Stéphane Soussan manages CPR AM’s Food For Generations fund, a thematic impact fund focused on agriculture. Photo: CPR AM

Stéphane Soussan manages CPR AM’s Food For Generations fund, a thematic impact fund focused on agriculture. Photo: CPR AM

Stéphane Soussan, manager of CPR AM’s Food For Generations fund, talks about the agricultural value chain and its structural and cyclical challenges.

Stéphane Soussan has been a natural resources portfolio manager at Amundi since 2008. He has been the manager of the agriculture theme since 2013, and co-manager of the natural resources theme at CPR AM, a subsidiary of Amundi, since 2014. In this capacity, he is one of the managers of CPR AM’s Food For Generations fund.

This thematic investment fund, which aims to be an impact fund, supports companies across the food chain in their sustainability challenges, keeping an eye on the many growth opportunities within this value chain. In an interview, he talks about the agricultural value chain and its challenges.

Marc Fassone: Thematic investments focus on key trends that will shape the social and economic landscape in the coming years. What are these trends in the agricultural sector?

Stéphane Soussan: The challenge is to feed the world’s population over the coming decades in a sustainable way. That is to say, by preserving certain key resources, such as water and arable land, while controlling greenhouse gas emissions. This is really the great challenge of the next few decades, since it is estimated that we will reach 9.7bn inhabitants by 2050.

The key, given that we have limited arable land, is to increase yields. It is estimated that over the next 15-20 years, 75% of the growth in agricultural production will come from improving yields on existing land. For us, one of the solutions lies in precision agriculture. For example, not using pesticides on an entire field if it is not necessary. There are also developments in seeds without necessarily using GMOs.

We are trying to offer a solution to these challenges by investing in the entire food value chain, from field to plate, with a sustainable approach.

What are the drivers of the agricultural theme in terms of investment?
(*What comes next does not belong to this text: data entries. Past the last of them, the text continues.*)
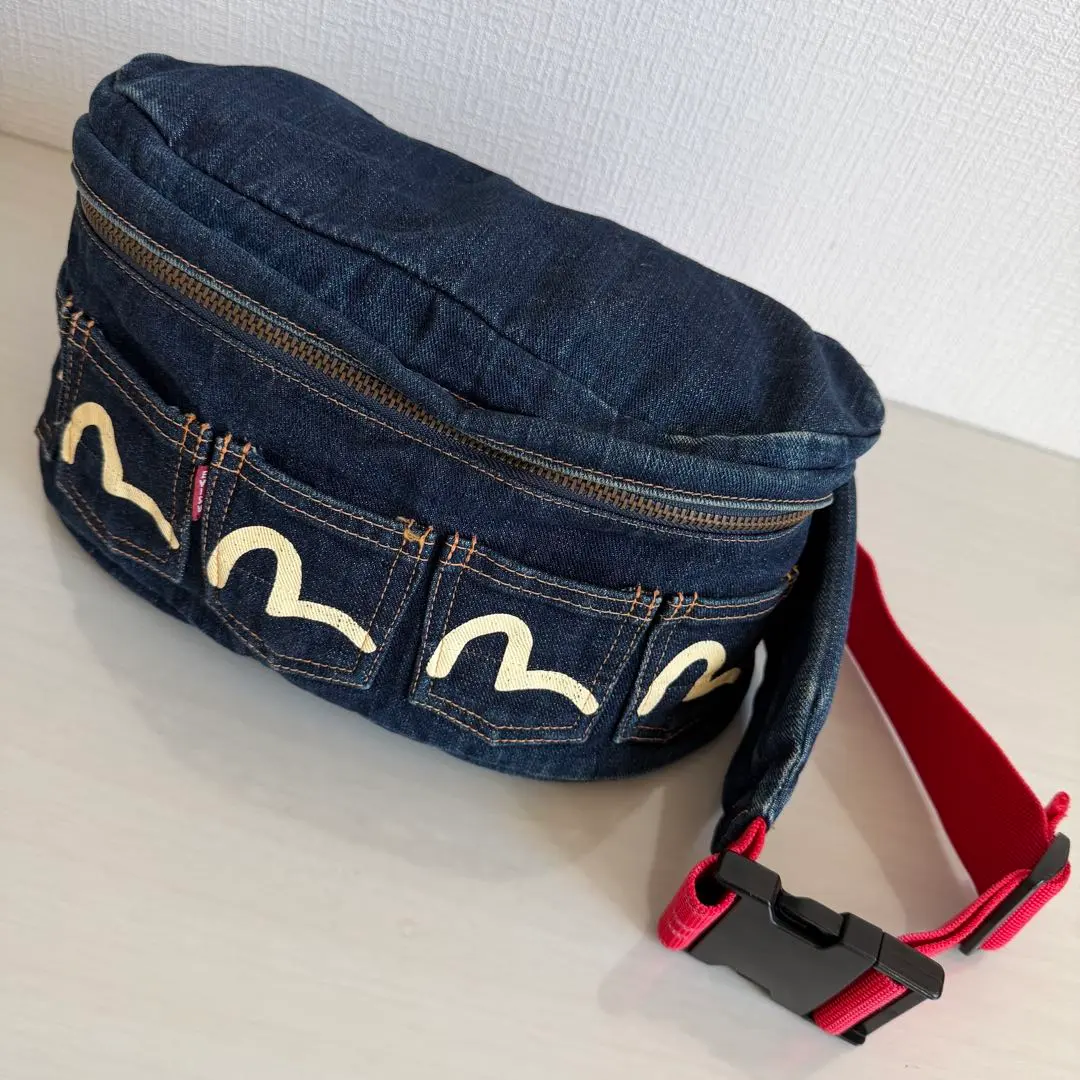 2026年最新】evisu ボディバッグの人気アイテム - メルカリ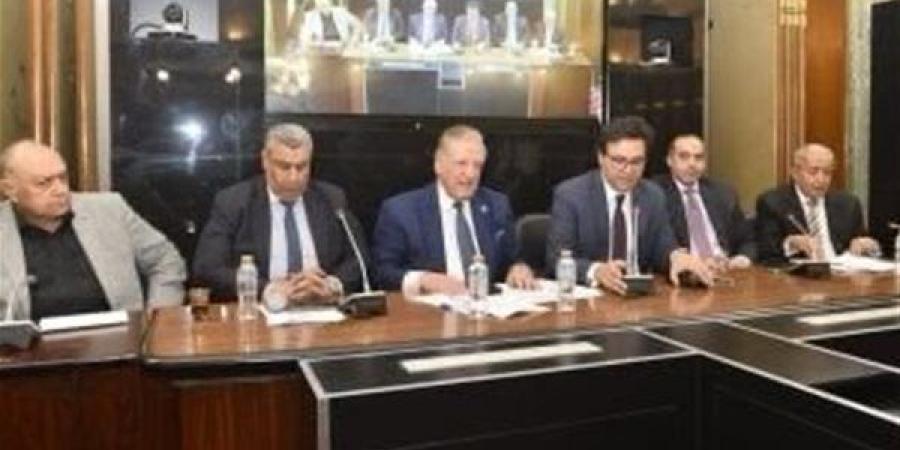 مصر تُعد قامة راسخة..وزير الثقافة يستعرض الموازنة أمام لجنة الخطة بمجلس النواب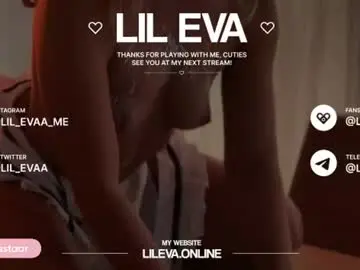 Chaturbate Watch Live Sex Cams of lil_eva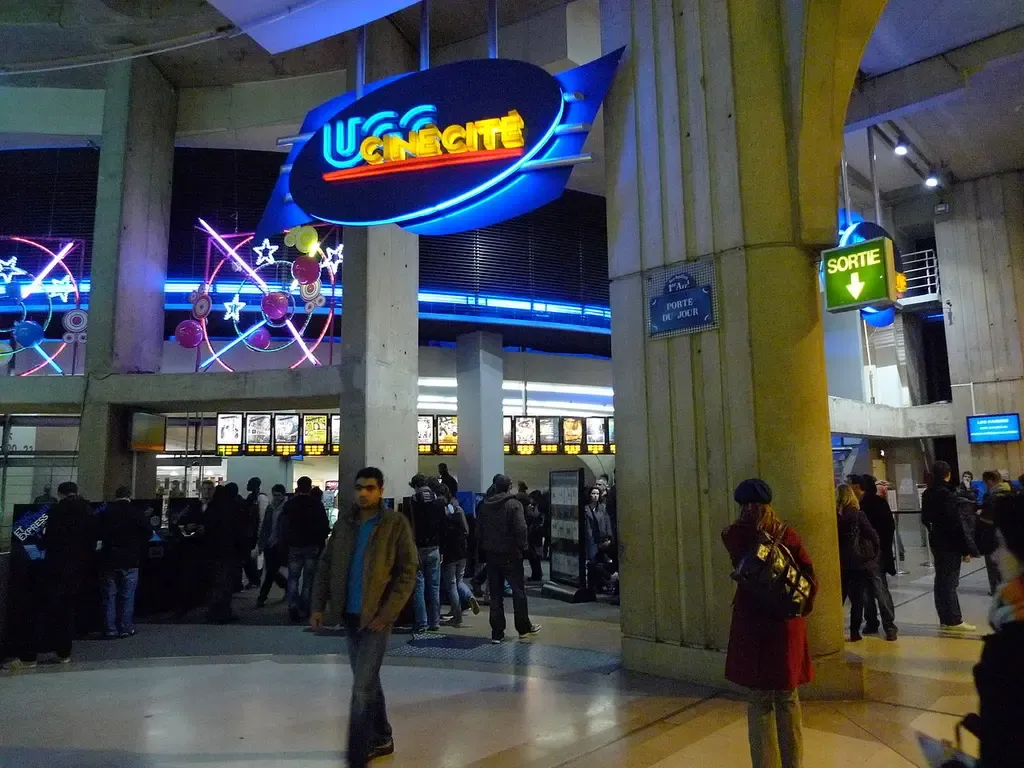 UGC Ciné Cité Les Halles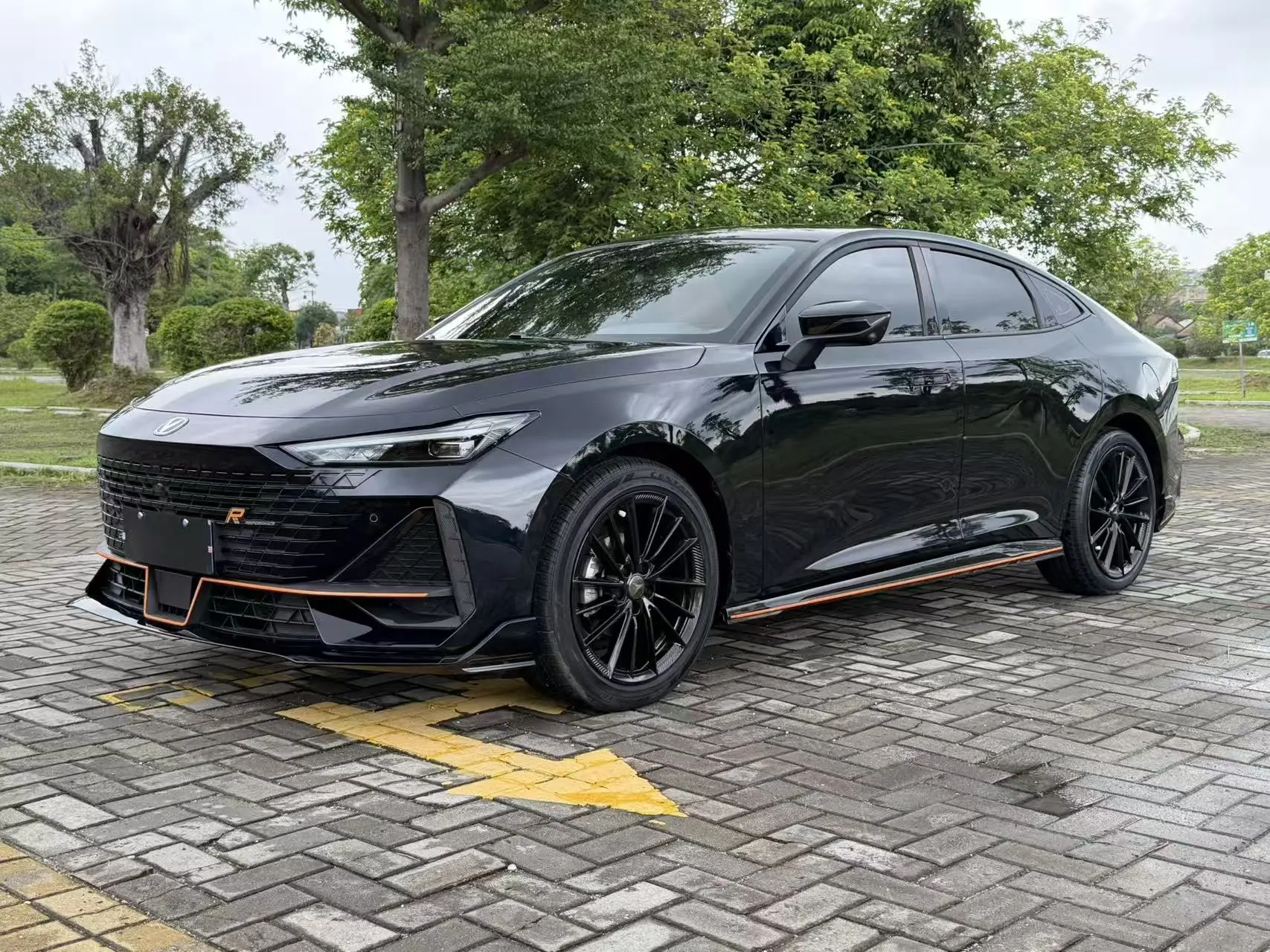 Changan UNI-V
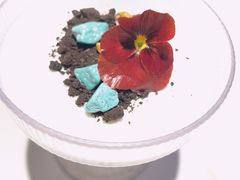 奥利奥鲜奶冻配巧克力-牛扒先生·厚切雪花牛扒西餐厅(北京路禺山路店)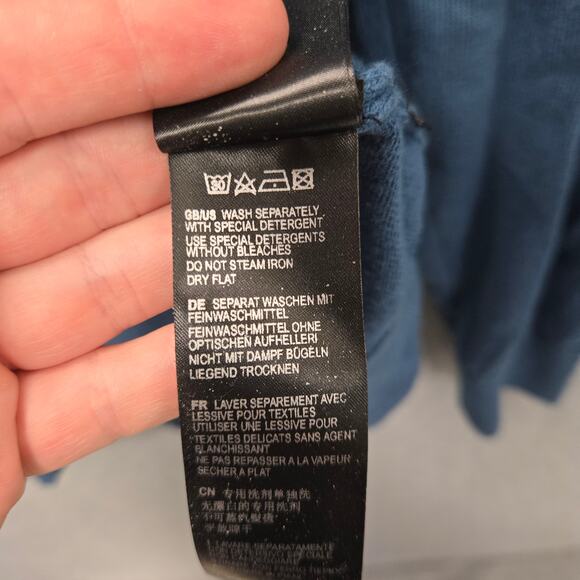 Lindbergh Cashmere Blend Sweater Size Medium - Picture 5 of 7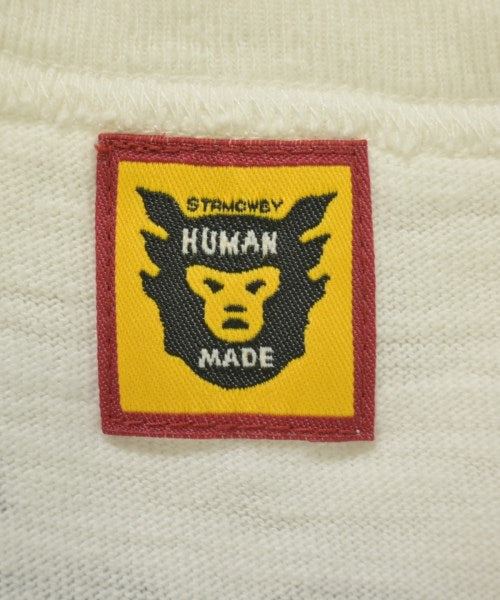 HUMAN MADE เสื้อยืด/เสื้อท็อปส์
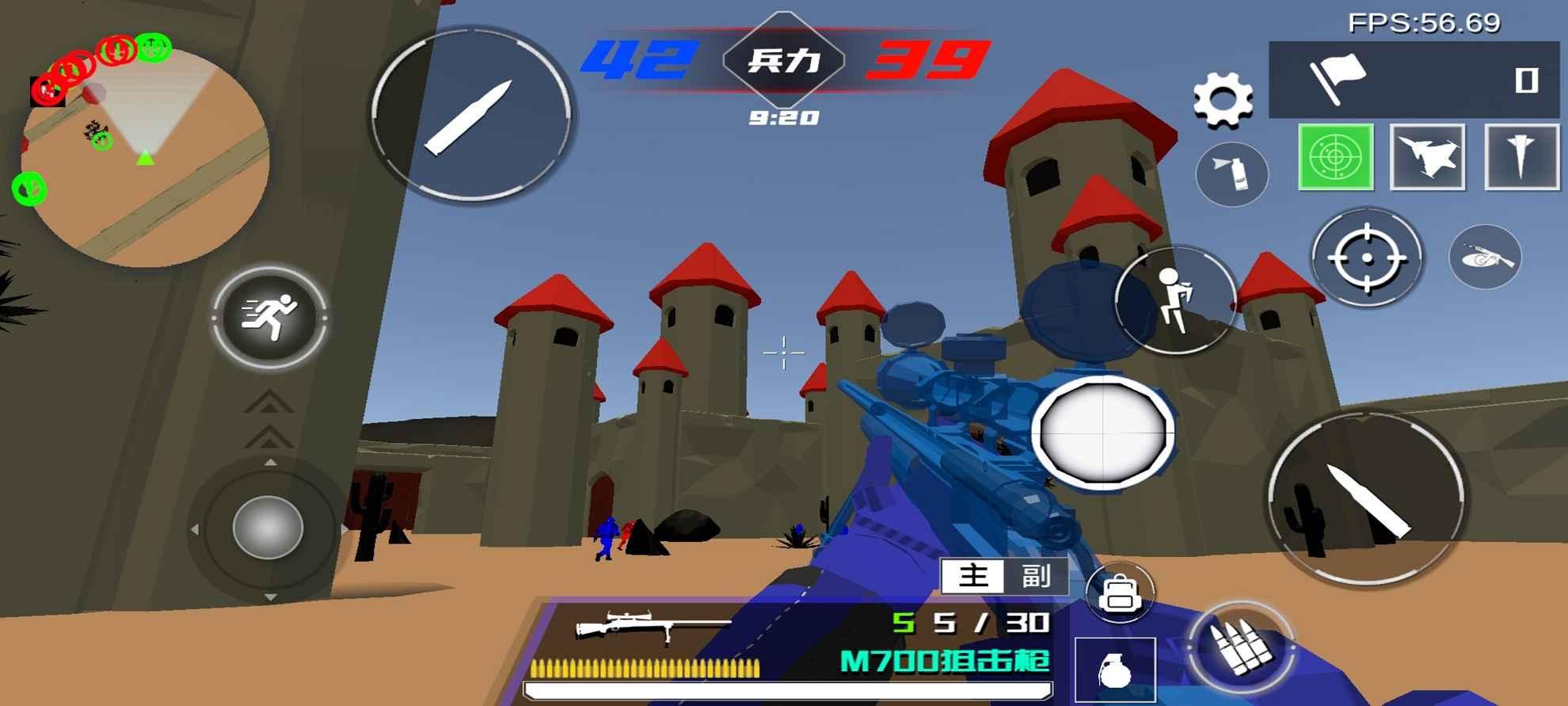 战火1前线争端手游 1.1.0安卓版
There are three [drivers]. The first has to do with demographic developments. The world’s population is growing by 1% a year. This is not huge, but there is a clear and direct link between this growth and the consumption of food products and water. Most of this population growth will take place in emerging countries. [These are] countries where increases in living standards are expected, which suggest that consumers will be moving towards more premium products. This should ultimately support the companies operating in these markets.

The second driver is resource conservation. For the food value chain, we believe that this will generate investment opportunities in four areas: firstly, precision agriculture, because it will be necessary to evolve agricultural production methods to use fewer inputs while continuing to produce more; sustainable packaging with the phasing out of plastic; water treatment and recycling; and improving the supply chain. It is estimated that about a third of the world’s food production is wasted. This needs to be improved.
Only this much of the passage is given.